Cohousing is a model of residential light footprint planning that blends private space with shared resources. It originated in Denmark in the 1960’s and was adopted enthusiastically in America and the UK. Interest is now growing in Australia and innovative housing projects in both urban and rural environments, are drawing on the core elements of successful cohousing developments around the world.
The spatial planning of a traditional cohousing precinct encourages social interconnectedness with detached or conjoined dwellings built close together facing a central shared garden or courtyard. The optimal size is generally considered to be a group of 25-35 households. Front doors open onto paths, gardens and play spaces while vehicles (often shared) and fenced areas are at the back.

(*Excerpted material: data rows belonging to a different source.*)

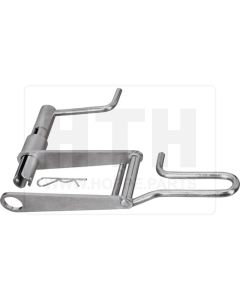 Gurtaufroller als Handrollgerät
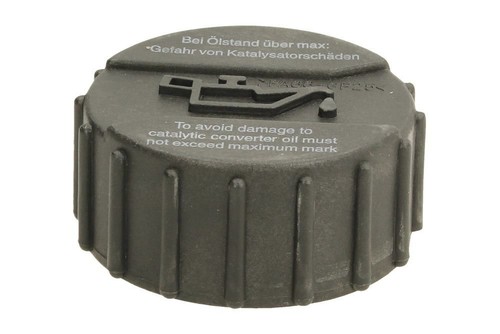 Oil filler cap - filler,
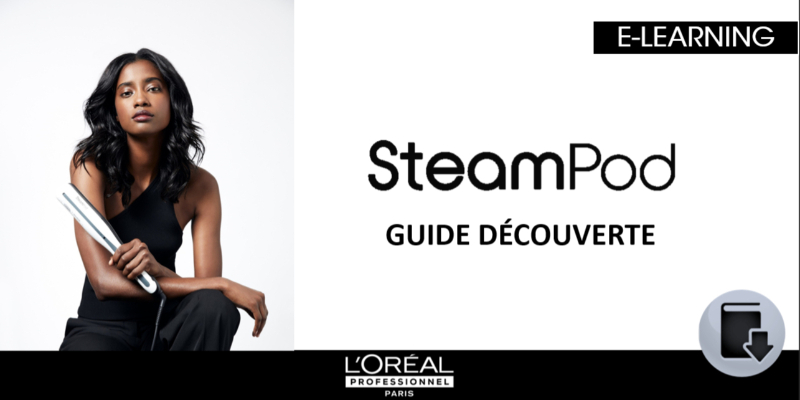 GUIDE DÉCOUVERTE STEAMPOD Thumbnail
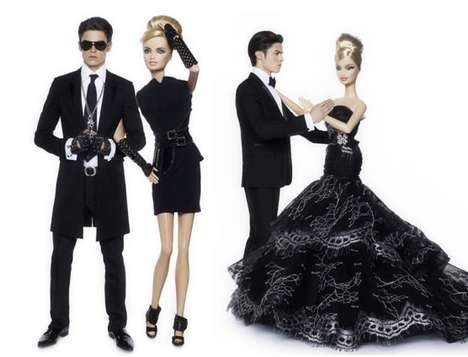 Real Models as Dolls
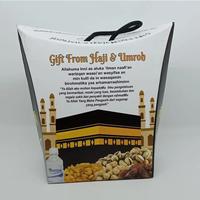 Gambar Goody Bag kosong Kardus kosong Paket Oleh-Oleh Haji dan Umroh 50 Pcs dari Barari Tangsel undefined 3 Tokopedia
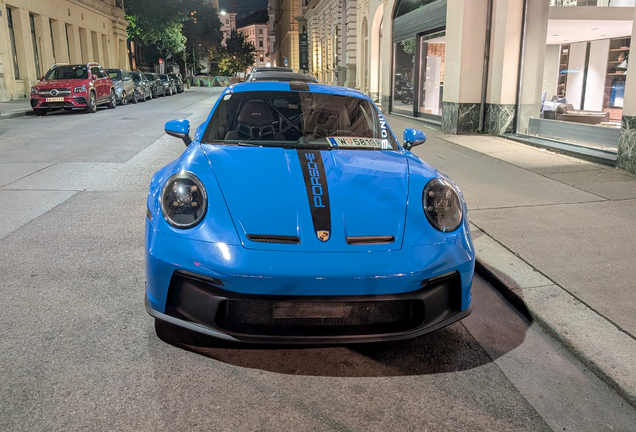 Porsche 992 GT3 MkI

Cohousing design incorporates a Common House or common areas within a multi-use building. The Common House, if separate, is often the visual focus of the layout. It is both the social hub and practical adjunct to the private dwellings. While cooking, sleeping, showering etc are all available in the privacy of each residence, the Common House enables everyone to celebrate and share together. There will be somewhere to cook and eat, plus options such as laundry, guest accommodation, games room, tool shed, art studio or other spaces to meet the needs of residents.

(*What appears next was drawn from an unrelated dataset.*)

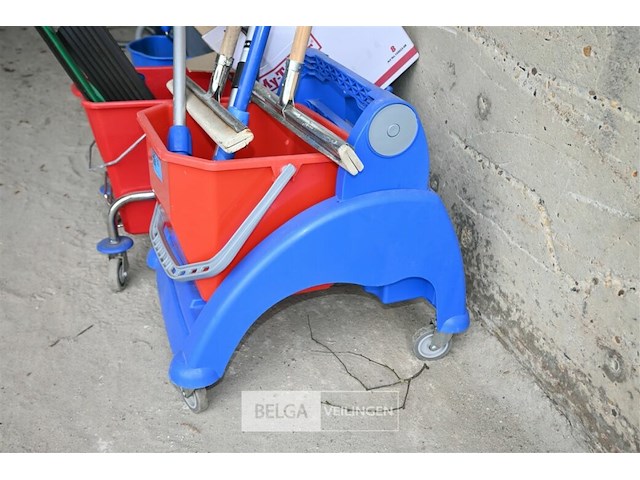 Partij poetsgerief - afbeelding 2 van  8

Narara Ecovillage integrates the social, economic and environmental benefits of the cohousing model in creative ways. In Stage 1 the unique cluster development of 18 units uses a very small land footprint. It is close to existing community amenities at the heart of the ecovillage.
Our Stage 2 Master Plan incorporates a sector demonstrating a more classic cohousing layout with a Common House and small lots around a central open green space. There are no fences between houses and pathways through community gardens lead to the extensive land of the Narara Valley for which all ecovillage members share responsibility.
We practice the cohousing principles of collaborative decision-making, reduced consumption, sharing resources and supporting one another in our community values as well as our governance and decision-making.